ATI Technologies推定ロードマップ

●モバイルで問題となる消費電力

 モバイルGPUがメインストリームGPUと同じコアなのは、消費電力的にハイエンドノートPCに搭載できるぎりぎりがそのラインだからだ。一般に限界は、ピークで6~7W程度と言われる。その枠に対しては、トランジスタ数が多いハイエンドGPUだと、消費電力が高くなりすぎる。例えば、RADEON 9700(R300)は、Pentium 4(Northwood:ノースウッド)の2倍のトランジスタ数(約1億1,000万)なので、いくらPentium 4よりクロックが低い(1/8)と言っても消費電力は高い。

 前回のコラムで説明したように、RV350/M10はR300よりパイプなどを削ってトランジスタ数をかなり減らすと見られる。さらに0.13μmプロセスに縮小することで、消費電力を下げ、ようやくモバイルにも持ってこれるようになると見られる。つまり、RV350/M10コアは、コストのためだけでなく消費電力のためにも、機能ユニット数をR300より減らしてトランジスタ数を削減しなければならないわけだ。

 もっとも、M10でR300よりトランジスタ数を減らすといっても、M10のトランジスタ数はMOBILITY RADEON 9000(M9)よりは多くなる。またクロックも上がる。GPUのピークの消費電力は「電圧の二乗×クロック×キャパシタンス(+アクティブ時のリーク電流)」で決まるため、トランジスタ数とクロックの増加は、消費電力を押し上げることになる。

 しかし、0.15μmから0.13μmへの移行で電圧とトランジスタ当たりのキャパシタンスが下がるため、この程度のトランジスタ数とクロックの向上なら、ほぼ相殺できることになる(ただしTSMCのハイスピード0.15μmプロセスの標準電圧は0.13μmと同じ)。

 このように、従来ATIのモバイルGPUは、プロセス移行やトランジスタ数削減で消費電力を減らしてきた。例外はこのあいだ発表されたMOBILITY RADEON 9000(M9)で、ハイエンドだったRADEON 8500(R200)と比べて、それほどトランジスタ数は減っていないし、プロセス世代も同じ0.15μmだ。

 RV250/M9のトランジスタ数は、ATIでも人によって5,000万台から6,000万までと説明に幅があるため、じつはよくわかっていない。RADEON 8500の6,000万以下であることだけは確かで、従来のMOBILITY RADEON 7500(M7)の3,500万と比べてかなり多い。プロセス世代は同じなので、原理的には消費電力は増大するはずだ。ただし、RV250/M9はRADEON 8500(R200)と比べるとダイ(半導体本体)がかなり小さくなっている。そのため、同じ0.15μmでもトランジスタサイズが小さい(キャパシタンスが小さい)ため、消費電力が減っている可能性がある。

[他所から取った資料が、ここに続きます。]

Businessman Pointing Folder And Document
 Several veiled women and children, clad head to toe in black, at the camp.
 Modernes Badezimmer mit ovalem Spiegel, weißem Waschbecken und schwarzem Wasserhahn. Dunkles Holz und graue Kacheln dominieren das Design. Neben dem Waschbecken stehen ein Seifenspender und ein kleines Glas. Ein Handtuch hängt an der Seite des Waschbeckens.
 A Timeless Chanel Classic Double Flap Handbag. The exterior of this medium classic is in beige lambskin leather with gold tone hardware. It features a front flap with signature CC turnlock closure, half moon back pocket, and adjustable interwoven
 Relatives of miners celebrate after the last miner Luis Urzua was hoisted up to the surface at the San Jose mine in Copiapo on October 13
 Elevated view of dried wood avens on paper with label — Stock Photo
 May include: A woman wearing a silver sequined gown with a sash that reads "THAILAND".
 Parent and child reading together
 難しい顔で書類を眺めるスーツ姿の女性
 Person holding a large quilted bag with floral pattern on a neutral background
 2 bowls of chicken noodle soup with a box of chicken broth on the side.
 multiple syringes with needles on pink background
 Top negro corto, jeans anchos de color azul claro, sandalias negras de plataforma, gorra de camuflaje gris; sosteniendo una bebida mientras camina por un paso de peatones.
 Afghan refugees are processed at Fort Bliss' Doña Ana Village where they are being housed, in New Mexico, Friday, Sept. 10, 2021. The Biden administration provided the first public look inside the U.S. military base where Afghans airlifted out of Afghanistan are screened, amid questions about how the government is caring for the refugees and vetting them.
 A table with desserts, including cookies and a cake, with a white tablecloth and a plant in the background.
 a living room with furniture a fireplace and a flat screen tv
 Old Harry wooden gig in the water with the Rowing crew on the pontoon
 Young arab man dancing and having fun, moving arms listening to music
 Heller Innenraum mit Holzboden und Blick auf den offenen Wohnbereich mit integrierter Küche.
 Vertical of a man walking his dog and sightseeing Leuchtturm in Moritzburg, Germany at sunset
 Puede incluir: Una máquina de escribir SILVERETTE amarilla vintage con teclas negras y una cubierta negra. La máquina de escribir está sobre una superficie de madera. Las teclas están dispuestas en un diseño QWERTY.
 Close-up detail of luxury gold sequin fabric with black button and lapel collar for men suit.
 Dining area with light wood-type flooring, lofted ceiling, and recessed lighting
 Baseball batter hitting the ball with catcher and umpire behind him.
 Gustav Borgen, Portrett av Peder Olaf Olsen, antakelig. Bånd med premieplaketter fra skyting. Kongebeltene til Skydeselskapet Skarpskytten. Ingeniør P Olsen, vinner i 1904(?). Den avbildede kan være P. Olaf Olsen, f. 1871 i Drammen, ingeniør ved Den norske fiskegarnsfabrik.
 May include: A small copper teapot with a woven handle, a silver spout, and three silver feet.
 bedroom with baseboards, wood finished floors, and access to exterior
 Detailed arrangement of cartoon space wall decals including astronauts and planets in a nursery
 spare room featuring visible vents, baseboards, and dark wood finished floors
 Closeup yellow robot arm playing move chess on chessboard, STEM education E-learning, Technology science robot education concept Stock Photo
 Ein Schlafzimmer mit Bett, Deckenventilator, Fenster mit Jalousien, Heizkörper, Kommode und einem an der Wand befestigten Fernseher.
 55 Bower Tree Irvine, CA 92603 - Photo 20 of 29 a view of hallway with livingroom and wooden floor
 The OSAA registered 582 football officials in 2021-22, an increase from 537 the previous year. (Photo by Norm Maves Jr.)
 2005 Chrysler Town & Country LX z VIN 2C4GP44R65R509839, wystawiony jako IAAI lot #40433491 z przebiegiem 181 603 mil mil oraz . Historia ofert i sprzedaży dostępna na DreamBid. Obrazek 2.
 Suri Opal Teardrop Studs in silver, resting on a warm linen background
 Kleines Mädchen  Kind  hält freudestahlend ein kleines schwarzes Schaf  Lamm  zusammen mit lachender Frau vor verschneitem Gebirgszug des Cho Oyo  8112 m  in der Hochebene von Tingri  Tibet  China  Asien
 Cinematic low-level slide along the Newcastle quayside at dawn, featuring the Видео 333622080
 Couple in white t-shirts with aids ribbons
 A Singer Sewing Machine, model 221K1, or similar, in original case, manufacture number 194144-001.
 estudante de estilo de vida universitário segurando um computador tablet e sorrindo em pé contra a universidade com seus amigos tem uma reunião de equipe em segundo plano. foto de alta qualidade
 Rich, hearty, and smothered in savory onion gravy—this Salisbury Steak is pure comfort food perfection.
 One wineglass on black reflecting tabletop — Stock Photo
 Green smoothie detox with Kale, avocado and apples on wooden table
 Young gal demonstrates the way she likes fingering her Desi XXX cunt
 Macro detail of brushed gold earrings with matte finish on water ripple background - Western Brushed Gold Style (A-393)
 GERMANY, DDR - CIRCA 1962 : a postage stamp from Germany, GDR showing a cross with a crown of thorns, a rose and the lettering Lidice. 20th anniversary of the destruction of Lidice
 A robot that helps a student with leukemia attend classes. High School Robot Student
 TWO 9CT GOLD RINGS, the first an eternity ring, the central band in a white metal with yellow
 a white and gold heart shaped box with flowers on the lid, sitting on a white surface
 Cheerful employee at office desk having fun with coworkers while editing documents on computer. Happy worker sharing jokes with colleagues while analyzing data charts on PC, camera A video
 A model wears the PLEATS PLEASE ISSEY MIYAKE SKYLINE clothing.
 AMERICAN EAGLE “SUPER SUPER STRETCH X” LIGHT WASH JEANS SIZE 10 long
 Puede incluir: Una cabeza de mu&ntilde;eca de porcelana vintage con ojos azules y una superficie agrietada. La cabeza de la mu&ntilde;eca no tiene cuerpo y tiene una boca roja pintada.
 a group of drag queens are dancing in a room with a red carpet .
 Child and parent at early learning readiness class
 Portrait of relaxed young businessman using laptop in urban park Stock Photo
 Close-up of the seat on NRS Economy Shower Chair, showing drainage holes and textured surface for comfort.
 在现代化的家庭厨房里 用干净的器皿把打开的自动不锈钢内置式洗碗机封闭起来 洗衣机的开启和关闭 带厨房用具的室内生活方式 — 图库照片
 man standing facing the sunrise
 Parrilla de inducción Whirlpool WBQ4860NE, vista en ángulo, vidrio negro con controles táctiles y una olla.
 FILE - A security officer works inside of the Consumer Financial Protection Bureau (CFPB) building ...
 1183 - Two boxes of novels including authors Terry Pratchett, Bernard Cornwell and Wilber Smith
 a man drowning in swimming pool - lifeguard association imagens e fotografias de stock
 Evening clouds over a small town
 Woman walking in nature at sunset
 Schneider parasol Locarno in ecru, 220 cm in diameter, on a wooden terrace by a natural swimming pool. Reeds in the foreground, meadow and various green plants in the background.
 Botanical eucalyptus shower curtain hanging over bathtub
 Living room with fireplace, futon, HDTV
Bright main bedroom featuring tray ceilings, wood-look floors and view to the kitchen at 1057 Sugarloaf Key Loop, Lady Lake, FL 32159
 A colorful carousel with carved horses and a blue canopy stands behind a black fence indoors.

 GPUは平均消費電力に関しては、下げる余地がいくらでもある。というのは、消費電力を食うロジック部分のほとんどが3Dグラフィックスパイプだからだ。そのため、ブロック単位のクロックゲーティングとダイナミックな電圧&クロック切り替えで、かなりのところまで減らすことができる。

●まだ見えないR400の姿

 ATIの次世代のDirectX 9.x GPU「R400」については、まだほとんどわかっていない。ほぼ明らかなのは、RADEON 9700(R300)を拡張したアーキテクチャで、RADEON 9700の1年後に登場することだ。より多くのトランジスタを費やすデザインになり、開発チームも交代する。

 ATIは現在2チームが交代でGPUを開発する体制を敷いている。RADEON 9700(R300)やFlipper(ゲームキューブのGPU)を開発したのは西海岸のWest Team。RADEON 8500(R200)を開発したのは東海岸のEast Teamで、このチームがR400を担当すると見られている。基本の開発サイクルは24カ月ということになる。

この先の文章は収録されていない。